Aviso: Antes de comenzar mi texto sobre ‘El padre’ os recomiendo que, si tenéis intención de verla, dejéis de leer en este mismo momento y os sumerjáis en su propuesta sabiendo lo mínimo sobre ella para poder disfrutarla plenamente.
Puede que uno de los argumentos más insustanciales que pueden emplearse a la hora de intentar denostar un largometraje —y, más concretamente, una adaptación del escenario a la gran pantalla— es el que opta por aludir a una presunta “teatralidad”. Una condición que, de algún modo, merma el potencial “cinematográfico” de una producción a pesar del carácter estrictamente fílmico de su narrativa.
Incongruencias aparte, no cabe duda de que si existe una clara ventaja de las obras representadas en directo sobre una película al uso, esa es su capacidad para centrar la inmensa mayoría del foco del espectador sobre dos componentes esenciales como el texto y los personajes; factores clave para construir unos cimientos sólidos para la emoción, muchas veces ensombrecidos en el cine por florituras innecesarias o patinazos formales.
Casi como si de casi una anomalía se tratase, ‘El padre’, brillante en todos sus aspectos, extrae lo mejor del mundo del teatro y del cine alcanzando un equilibrio excepcional; exprimiendo las posibilidades del medio para moldear un demoledor retrato de la demencia senil que hibrida drama y un sutil terror que abraza códigos casi polanskianos en una de las mejores películas del año.
Mentes deterioradas y espacios mutantes
A pesar de contar con una notable trayectoria como dramaturgo y novelista, resulta sorprendente que ‘El padre’ sea la ópera prima como director de un Florian Zeller que emplea las herramientas propias del lenguaje cinematográfico como un veterano curtido.

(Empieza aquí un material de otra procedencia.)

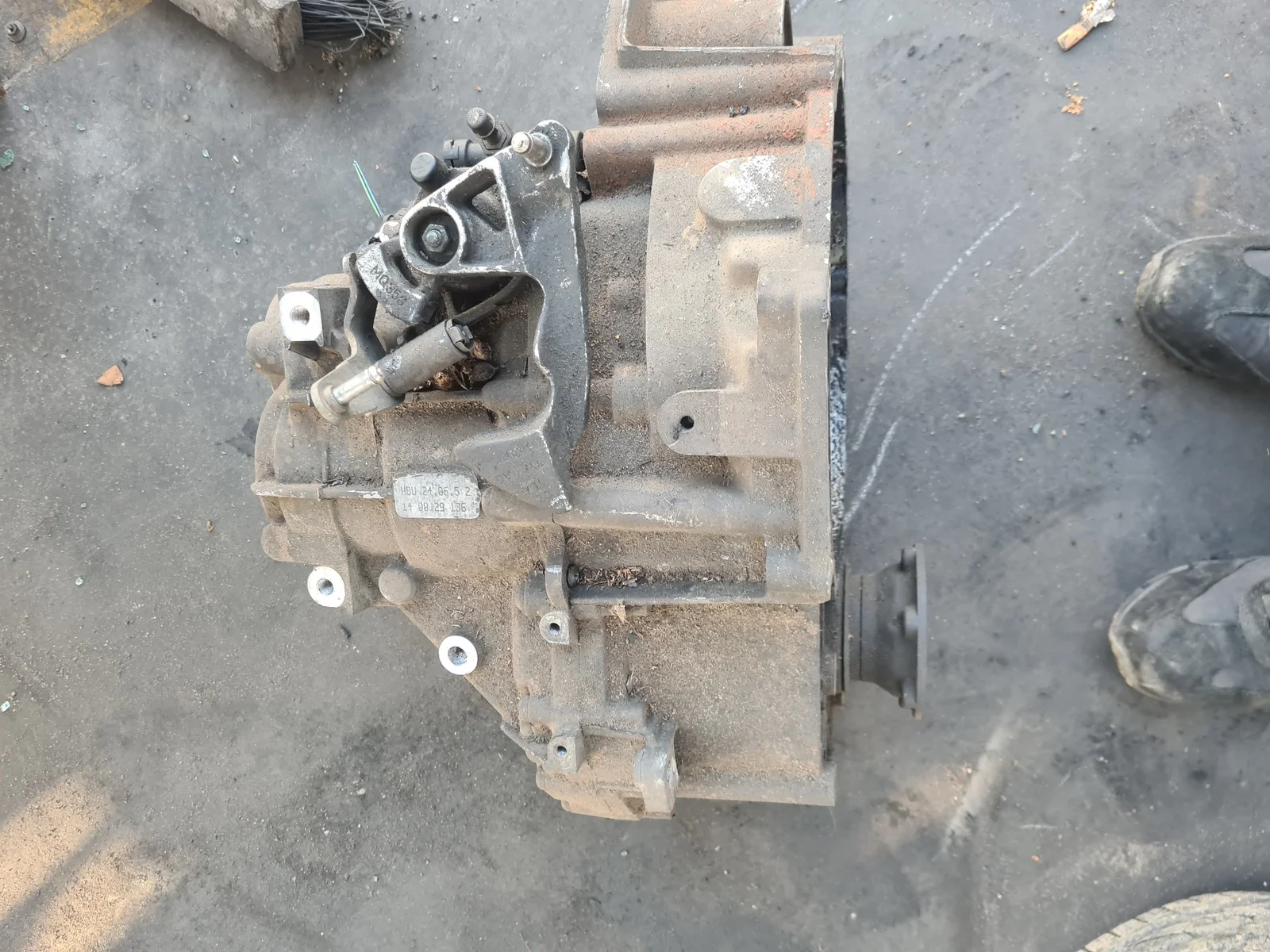 Foto de CAJA CAMBIOS VOLKSWAGEN PASSAT BERLINA (3C2) referencia HDU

Un dominio impropio de un debutante gracias al que se genera un ejercicio de punto de vista tan inmersivo como asombroso.
A través de un trabajo de cámara, puesta en escena y planificación impoluto, que no teme en capturar los amplios —y, aún así, tremendamente opresivos— interiores en los que se desarrolla historia con una relación de aspecto 2.39:1, Zeller y su equipo nos introducen de lleno en la realidad de un hombre enfermo en la que reinan la desorientación, las incongruencias temporales y los cambios en un espacio que muta a la voluntad de una mente deteriorada.
No obstante, por encima de cualquier otro elemento técnico o artístico, ‘El padre’ se sirve se sirve del descomunal trabajo del montador Yorgos Lamprinos como principal arma para llevar la experiencia a un nuevo nivel. Así, sin ningún tipo de efectismos, el corte se convierte en un modulador del ritmo y la atmósfera que ayuda a transmutar lo que podría haber sido un drama mucho más convencional en un orgánico coctel de géneros en el que el horror se abre paso sin cortapisas ni artificios.
Haciendo gala de un realismo que impulsa su calado emocional, la cinta no titubea al poner su delicada forma y sus afilados diálogos al servicio de un reparto deslumbrante. Desde sus secundarios —encantadora Imogen Poots— al gran dúo de la función compuesto por Anthony Hopkins y Olvia Colman, todos llevan el relato en volandas con naturalidad y genio; conduciéndolo con gran sobriedad a través de 98 minutos de crescendo constante que explotan en un tercer acto devastador y que hace complicado contener las lágrimas.
Redondeada por las composiciones de un Ludovico Enaudi tan suaves y sensibles como de costumbre, ‘El padre’ es una valiente —en términos tonales— y acertada radiografía de un mal que transforma la realidad del paciente en un laberinto, y la del familiar en una lucha constante. El simple hecho de haber trasladado al cine un tema de este calado, proyectando estas sensaciones de un modo tan fidedigno y huyendo de convencionalismos melodramáticos, sólo es un aliciente más para poder justificar todos y cada uno de sus reconocimientos en la temporada de premios 2020-2021; entre los que se encuentran seis merecidísimas nominaciones a los Óscar. Maravillosa.